# Website about "Safe" Foods



## bbry (Feb 17, 2007)

*This website is very informative in light of the recalls: http://petsitusa.com/blog/?p=210*


----------



## starry (Sep 4, 2006)

Whew!! That was extensive.
Thanks for posting it. Im still confused if I am giving the best dry food for now.
Does anyone know if Royal Canine is really ok?Also Holly really misses her lil ceasars square,still no?
They're now sticking their noses up at steak and eggs!!!!!


----------



## momtoboo (Jan 30, 2006)

Thanks. I saw that the Dingo Chicken Jerky Strips have been recalled due to Salmonella. I just had bought a pack of those Tuesday at Target for the very first time. Now I have to throw those away too.

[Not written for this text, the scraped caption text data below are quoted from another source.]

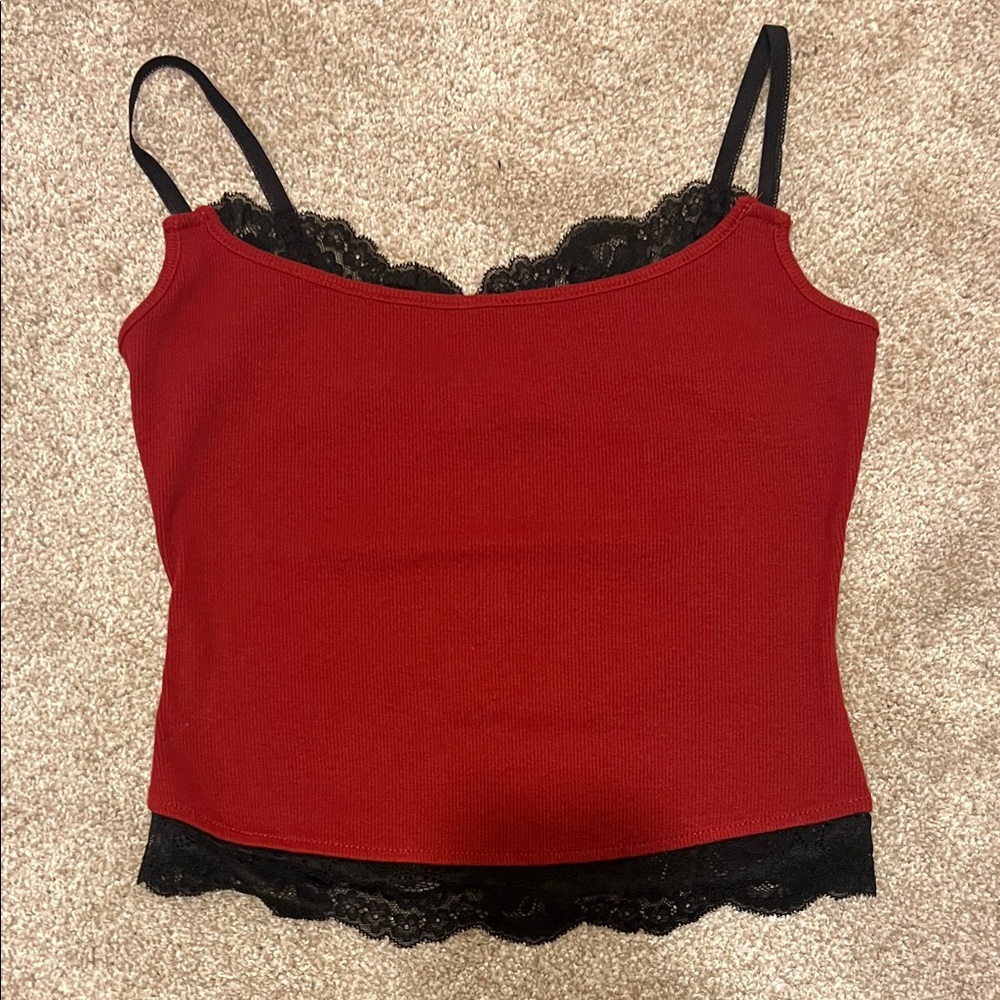 Scarlet Lace Trim Camisole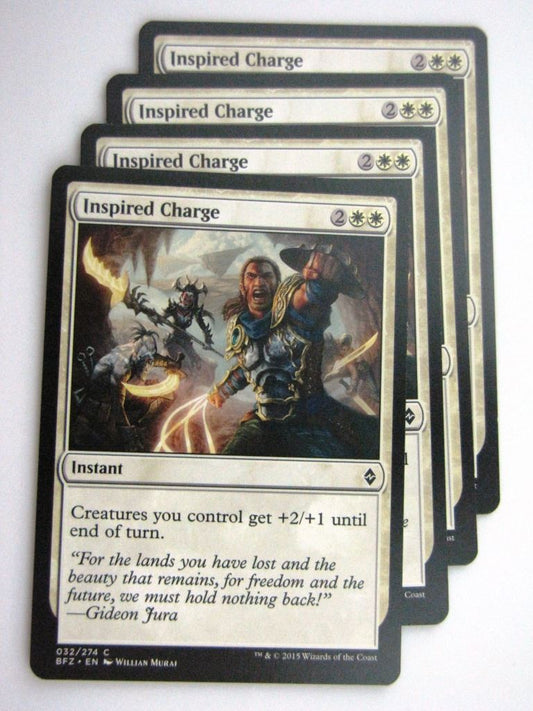 MTG Cards: BATTLE FOR ZENDIKAR: INSPIRED CHARGE x4 # 37B20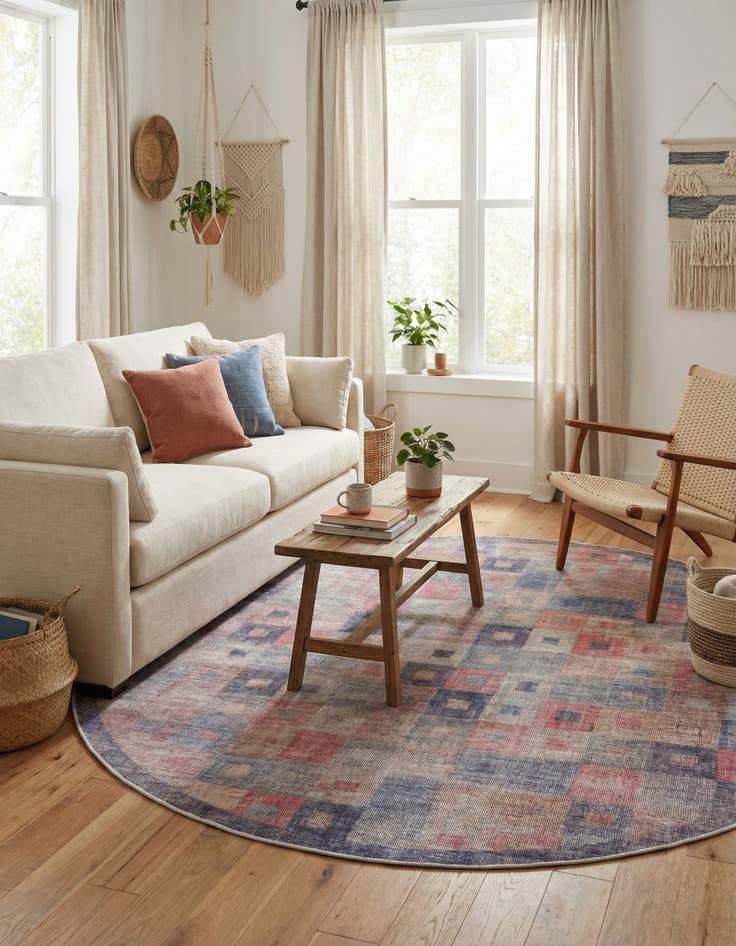 Detail image of 7' 10 x 7' 10  Washable Sisu Round Rug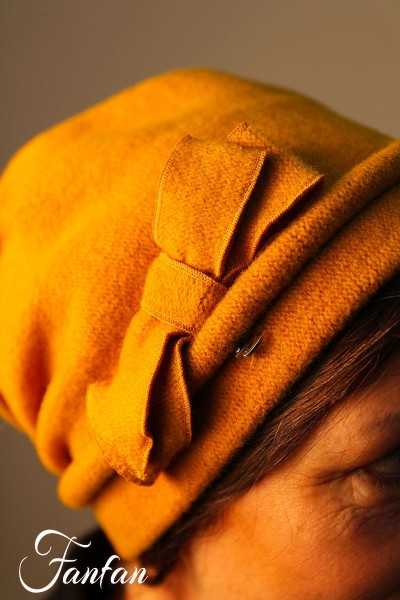 Willi Chapeau Bari ocre moutarde avec noeud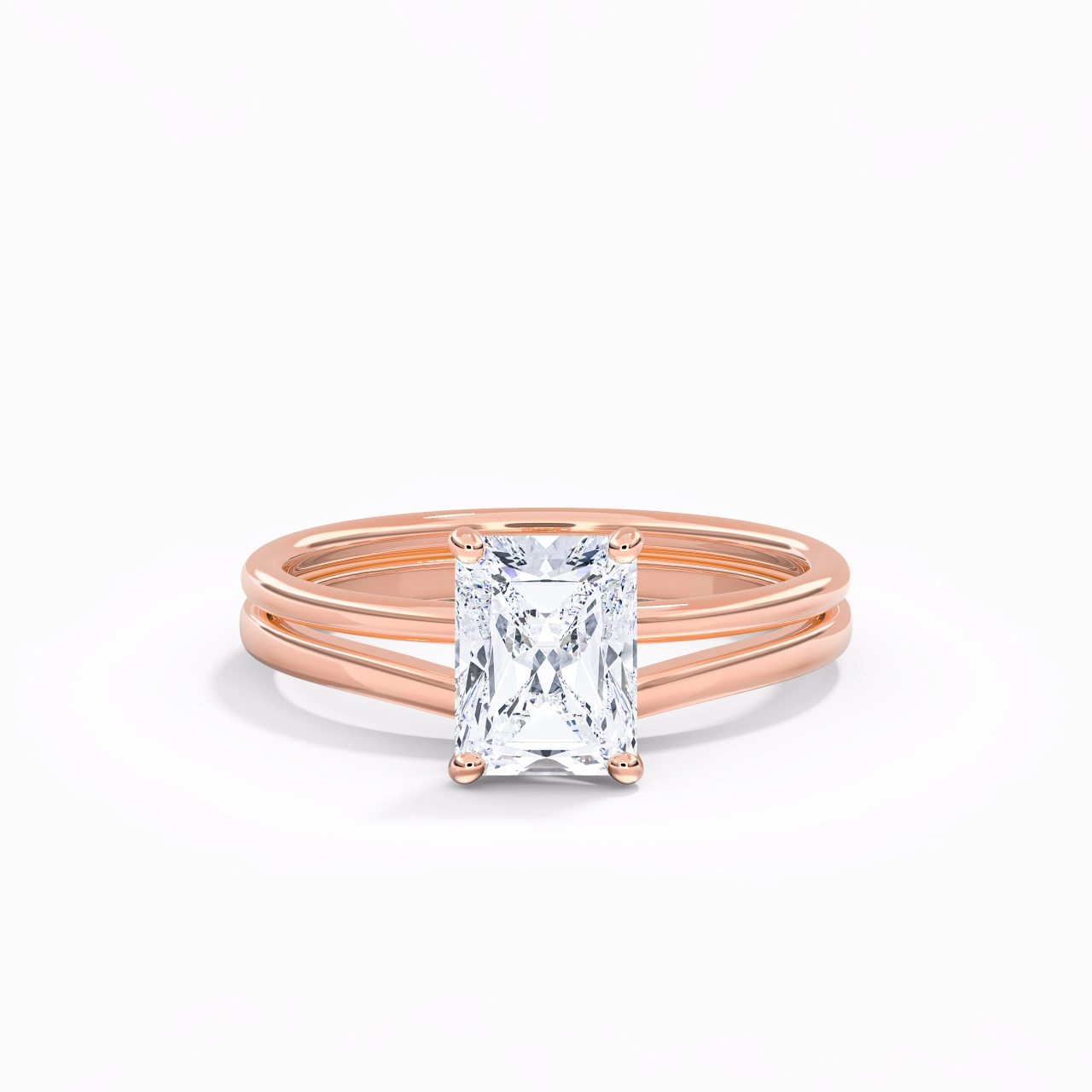 925 Sterling Silver Moissanite Bridal Set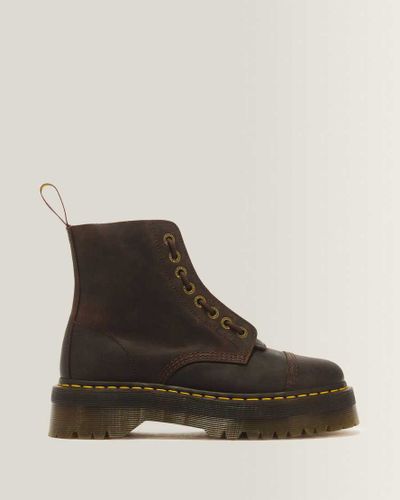 Boots Plateformes Sinclair en Cuir Crazy Horse Chaussures en , Taille: 36 - Dr. martens - Modalova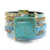 Pulseira Feminina de Couro Azul - comprar online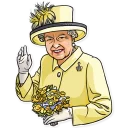 👋-The Queen, Telegram Sticker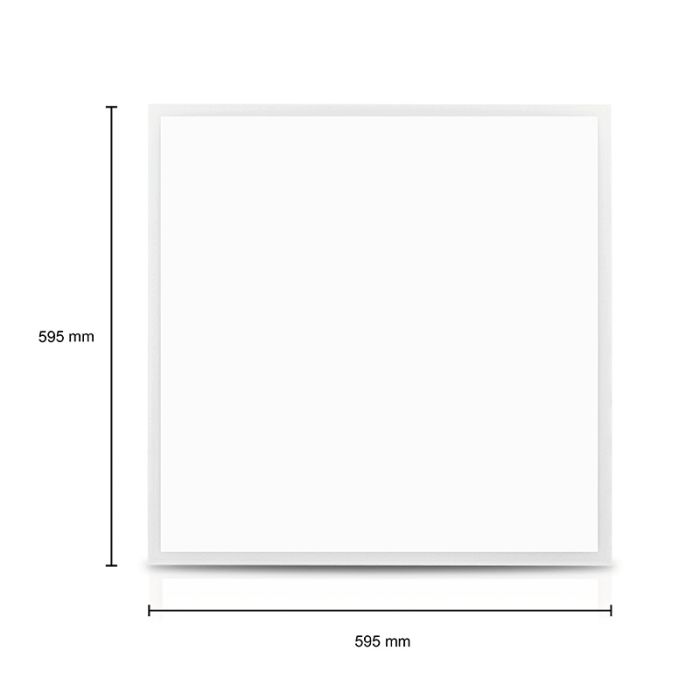 Pannello LED 60x60 - 40W - 3000K - UGR<22 - retroilluminato - bordo stretto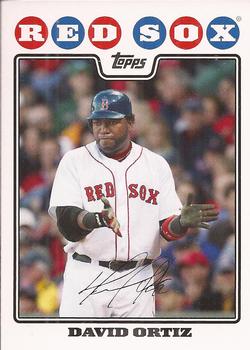 2008 Topps Boston Red Sox #BOS1 David Ortiz Front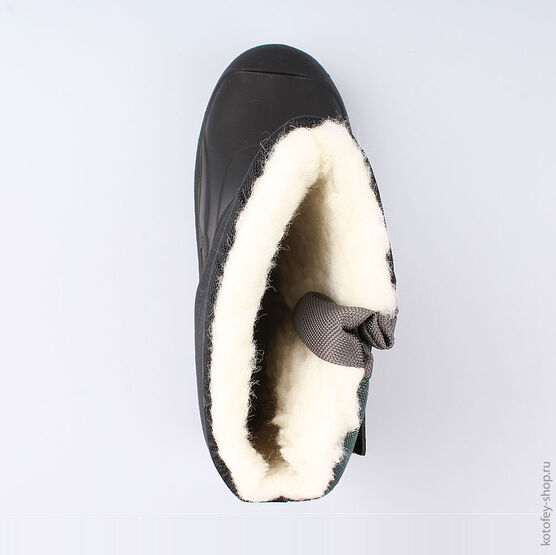 664048-44 Сноубутсы для мальчики чер-зел фото №4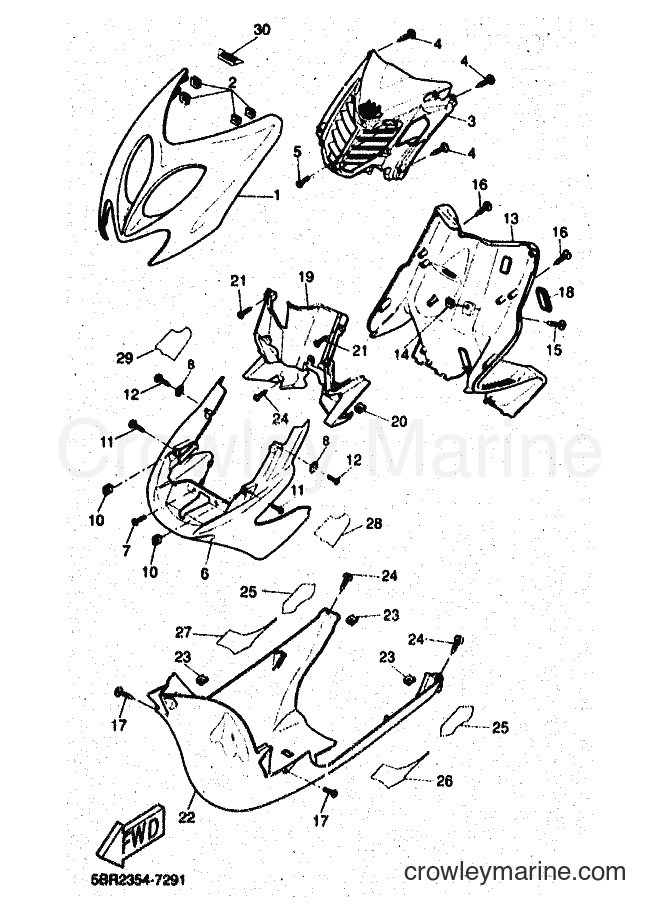 1999 Scooter YQ50 - YQ50 (5KH2) [010] - LEG SHIELD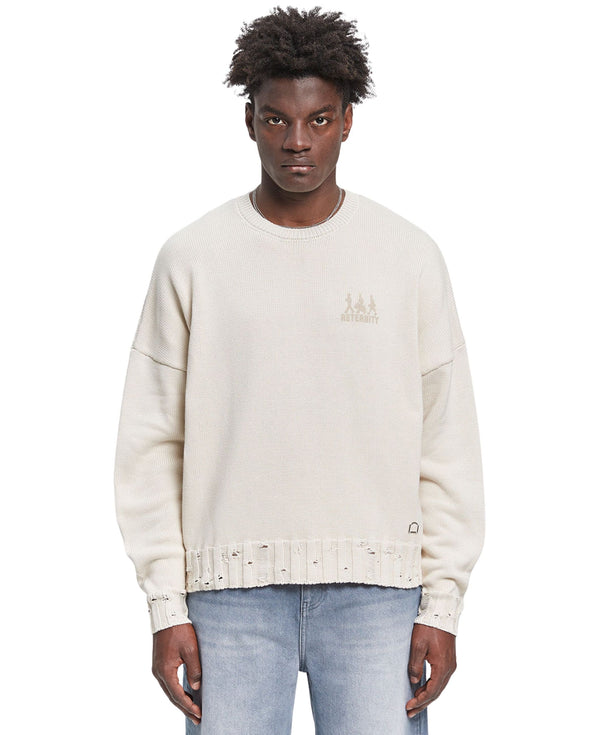 CREATIVE DEPT LOGO KNIT SWEATER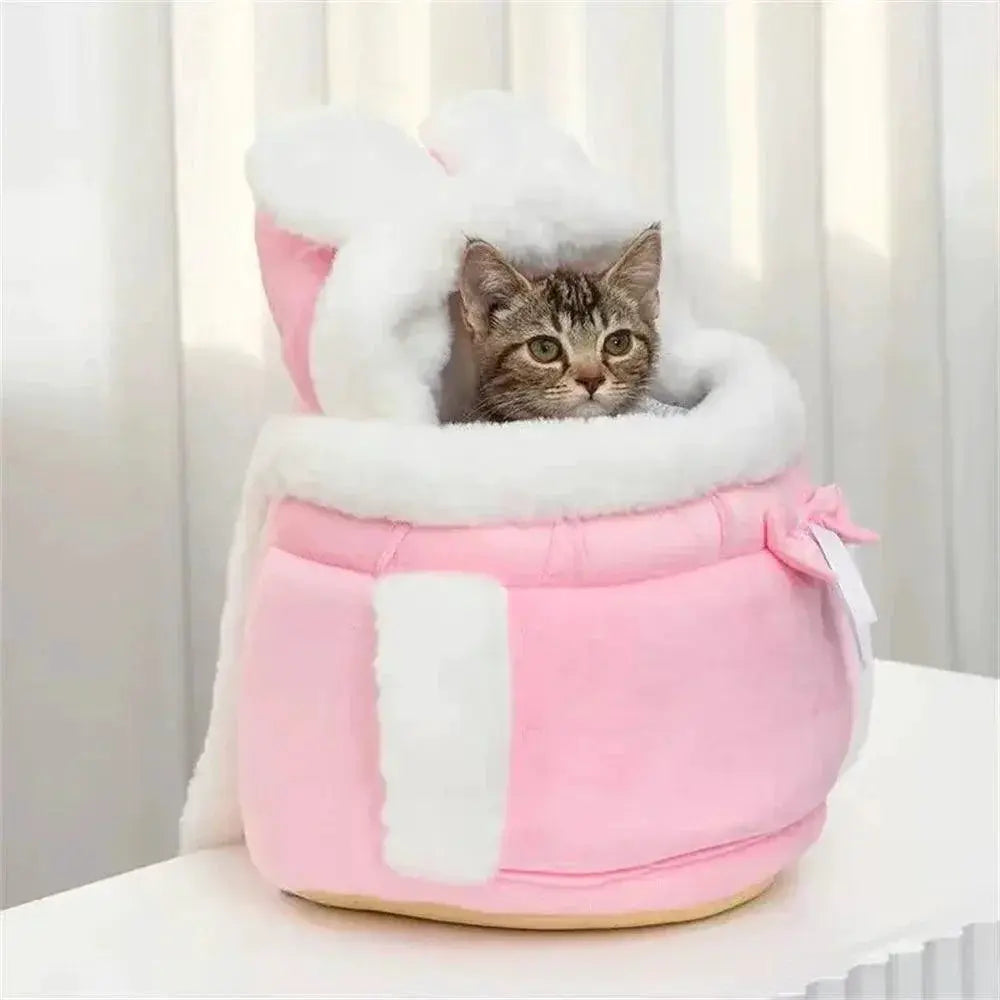 Winter Warm Pet Carrier Backpack For Small Dogs Cats Snug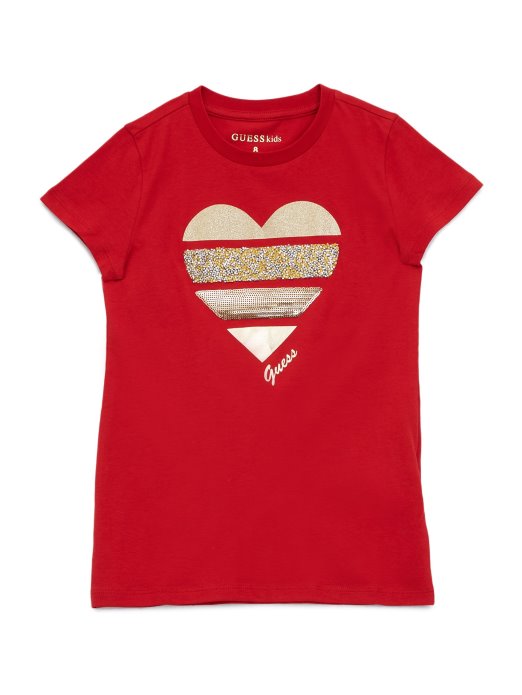 Crush Tee (7-14) Rugby Red Guess Shopping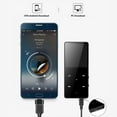 thumbnail image 4 of Mp3 Player With Bluetooth 5.3 Technology, High-Quality Portable Music Device With Hd Speaker, Touch Buttons For Seamless Control, Supports Expanded Storage Up To 128Gb, Ideal For, 4 of 8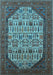 Oriental Light Blue Industrial Rug, urb1795lblu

I'd already gave Hannah & Boo one each. Thankfully they are both fine so far.


----------



## pico's parent (Apr 5, 2004)

Only the Royal Canin canned foods have been implicated but NOT in the Menu foods recall. It seems one of THIER suppliers miscalculated the amount of Vitamin D. Check the RC website at www.royalcanin.com

I free-feed Pico the Royal CAnin liver diet kibble and feel comfortable now continuing that. He also eats home-cooked wet food.


----------



## LisalovesRocco (Mar 28, 2006)

Thank you for posting this link. Very informative!


----------



## Bonnie's Mommie (Mar 2, 2006)

This was very informative, and eased my mind. I also called my pet food store for further clarification when the recall first came out. Bonnie eats Stellla and Chewy's and a little Solid Gold; both are considered very good, high quality foods. Although I'm a little concerned that Solid Gold's dry food is made by Diamond. Weren't they involved in a recall within the last year or so? Anybody remember? 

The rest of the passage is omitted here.